1. This suit was brought for specific performance of a contract to sell, certain lands. Although the agreement to sell was executed by the defendant alone, it was stated in the document that the lands were being enjoyed in equal shares by the defendant and the defendant's divided elder brother, and that they had been purchased out of money belonging to them severally. The defendant agreed to have the proposed sale deed executed by himself and by his brother on his own account and as guardian of his minor son.
2. The District Munsif found: (1) that both parties knew full well at the time of execution of the agreement to sell (Exhibit A) that one-half of the land belonged to Ramasamier and his son, and (2) that the agreement fell through owing to the default of both parties. Referring to illustration (a) to Section 15 of the Specific Relief Act and to Section 17, he decided that this was not a case in which specific performance of a part of the contract could be enforced, inasmuch as the defendant was not competent, to transfer the half to which he did not possess a title, and as the plaintiff made no offer to purchase the defendant's own half paying the price agreed upon and waiving all right to compensation for deficiency or for loss. The District Judge did not agree with the District Munsif upon this point. He was unable to see that there was anything to debar the plaintiff from asking for a sale deed for the whole land to be executed in his favour by the defendant as stipulated in Exhibit A, the plaintiff being allowed to take the document for what it was worth. The District Judge further remarked that he found no reason for declaring the agreement unenforceable on general grounds. He declined however to give the plaintiff a decree on account of his delay of three years in instituting the suit.
3. In a. case of minors, when a suit was brought for specific performance of a contract of sale and the contract was found to be not binding on the minors, this Court, in Poraka Subbarami Reddy v. Vadlamudi Seshachalam Chetty I.L.R. (1910) Mad. 359 observed: 'If the contract is indivisible under Section 17 of the Act what then is the relief to which the plaintiff is entitled? We are asked by the appellant to give him a decree for the whole against the first and fourth defendants on the authority of Srinivasa Reddi v. Sivarama Reddi I.L.R. (1909) Mad. 320. This we are unable to do.'
4. In that case the appellant expressed his willingness to take a conveyance from the first and fourth defendants of all their interests in the suit properties for tie purchase money agreed upon without abatement or compensation, and a decree for that relief was granted accordingly. This course is not open in the present case as the appellant does not ask for it.

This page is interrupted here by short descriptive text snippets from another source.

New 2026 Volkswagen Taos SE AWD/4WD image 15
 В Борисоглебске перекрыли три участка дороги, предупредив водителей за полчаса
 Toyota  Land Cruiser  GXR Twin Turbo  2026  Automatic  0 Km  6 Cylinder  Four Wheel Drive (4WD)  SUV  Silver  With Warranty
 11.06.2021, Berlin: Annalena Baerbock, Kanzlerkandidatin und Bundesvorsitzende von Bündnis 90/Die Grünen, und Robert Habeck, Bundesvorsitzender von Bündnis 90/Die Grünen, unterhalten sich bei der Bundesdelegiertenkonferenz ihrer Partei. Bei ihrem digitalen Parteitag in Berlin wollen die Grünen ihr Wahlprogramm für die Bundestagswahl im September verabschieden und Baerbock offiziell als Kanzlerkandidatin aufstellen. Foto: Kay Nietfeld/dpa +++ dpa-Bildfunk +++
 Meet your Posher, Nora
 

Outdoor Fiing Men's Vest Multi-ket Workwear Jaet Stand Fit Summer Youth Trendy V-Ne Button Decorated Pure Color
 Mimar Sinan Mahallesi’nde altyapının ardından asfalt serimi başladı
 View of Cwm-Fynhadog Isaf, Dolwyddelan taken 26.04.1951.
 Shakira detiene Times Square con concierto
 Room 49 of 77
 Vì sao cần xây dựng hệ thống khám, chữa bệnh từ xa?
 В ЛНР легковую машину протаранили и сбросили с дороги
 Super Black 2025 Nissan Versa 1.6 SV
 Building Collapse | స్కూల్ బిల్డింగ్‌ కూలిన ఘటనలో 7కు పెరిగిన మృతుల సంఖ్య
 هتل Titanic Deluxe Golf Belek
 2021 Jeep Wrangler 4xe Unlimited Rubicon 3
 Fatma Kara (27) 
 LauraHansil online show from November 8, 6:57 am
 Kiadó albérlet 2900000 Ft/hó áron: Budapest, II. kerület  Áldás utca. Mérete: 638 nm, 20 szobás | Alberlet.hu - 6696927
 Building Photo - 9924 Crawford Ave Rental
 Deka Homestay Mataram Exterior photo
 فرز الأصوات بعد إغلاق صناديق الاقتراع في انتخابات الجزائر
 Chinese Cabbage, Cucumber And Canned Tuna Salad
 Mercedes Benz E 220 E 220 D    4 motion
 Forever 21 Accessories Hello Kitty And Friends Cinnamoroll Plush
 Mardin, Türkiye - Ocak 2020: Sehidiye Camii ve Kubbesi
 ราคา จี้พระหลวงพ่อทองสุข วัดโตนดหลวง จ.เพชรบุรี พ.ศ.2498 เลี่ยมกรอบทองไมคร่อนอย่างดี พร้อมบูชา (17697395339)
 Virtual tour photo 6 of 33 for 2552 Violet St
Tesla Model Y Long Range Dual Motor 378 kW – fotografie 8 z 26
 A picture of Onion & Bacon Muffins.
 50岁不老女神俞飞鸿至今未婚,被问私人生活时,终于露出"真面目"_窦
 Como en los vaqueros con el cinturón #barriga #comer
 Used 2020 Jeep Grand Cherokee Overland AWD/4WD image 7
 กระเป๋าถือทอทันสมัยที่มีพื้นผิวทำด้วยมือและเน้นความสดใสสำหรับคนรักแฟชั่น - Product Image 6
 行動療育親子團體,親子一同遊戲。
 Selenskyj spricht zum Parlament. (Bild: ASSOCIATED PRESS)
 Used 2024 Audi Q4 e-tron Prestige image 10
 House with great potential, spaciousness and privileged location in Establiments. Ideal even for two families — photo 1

5. Kosuri Ramaraju v. Ivalury Ramalingam (1903) 26 Mad. 74 and Srinivasa Reddi v. Sivarama Reddi (1909) 32 Mad. 320 were both cases in which a managing member of an undivided family contracted to sell undivided property without tie concurrence of other members. Without deter-mining whether the sale by the manager would bind the other members, it was considered that the plaintiff was entitled to a decree for specific performance. Section 15 of the Specific Relief Act was not applied for the reason given in the later decision, viz., that an undivided father has an interest in every portion of the undivided property. But when the family is divided as here, Section 17 distinctly prohibits a Court from directing the specific performance of a part of a contract except in accordance with the preceding sections. Even in cases where the conditions of Section 15 are fulfilled the use of the word 'may' indicates that the granting of a decree for part performance is discretionary with the Court, and we should hold that when there has been great delay in attempting to enforce a contract and circumstances have greatly changed either from a rise of prices or other causes in the interval, the Courts would be justified in refusing to give legal effect to an inequitable arrangement.
6. Now the plaintiff in the present case wants the Court to compel the defendant to execute a deed of sale for the whole property and if he refuses, to issue one in his name under the seal of the Court, and to allow him to make what he can out of the title thus convoyed. Such a request is quite inadmissible. A sale is a transfer of ownership in exchange for a price (section 54, Transfer of Property Act). The defendant has nothing which he is capable of transferring in the moiety of the property of which he is not the owner and is not in possession. It is impossible to sever the execution of the deed from the transfer to be effected thereby and to treat them as separate acts of the same person. The Court will not lend its sanction to a transaction devoid of legal effect. See Darts' 'Vendors and Purchasers,' pages 1072--'3; 'Fry on Specific Performance,' paragraphs 1000 and 1001; 'Banerjee on Specifics Relief,' pages 457 to 467. Barrett v. Ring (1854) 2 Sm. & G. 43 referred to for the appellants is not in point as then the vendor was not without any title at all to the property agreed to be conveyed. Moreover the execution of a sale deed by the first defendant over property which does not belong to him would be an act improper in itself as it is calculated to throw a cloud over the title of his brother which would be sufficient to give him a cause of action for a declaratory suit. The Court will not compel him to do such an act.
7. The Second Appeal is therefore dismissed with costs.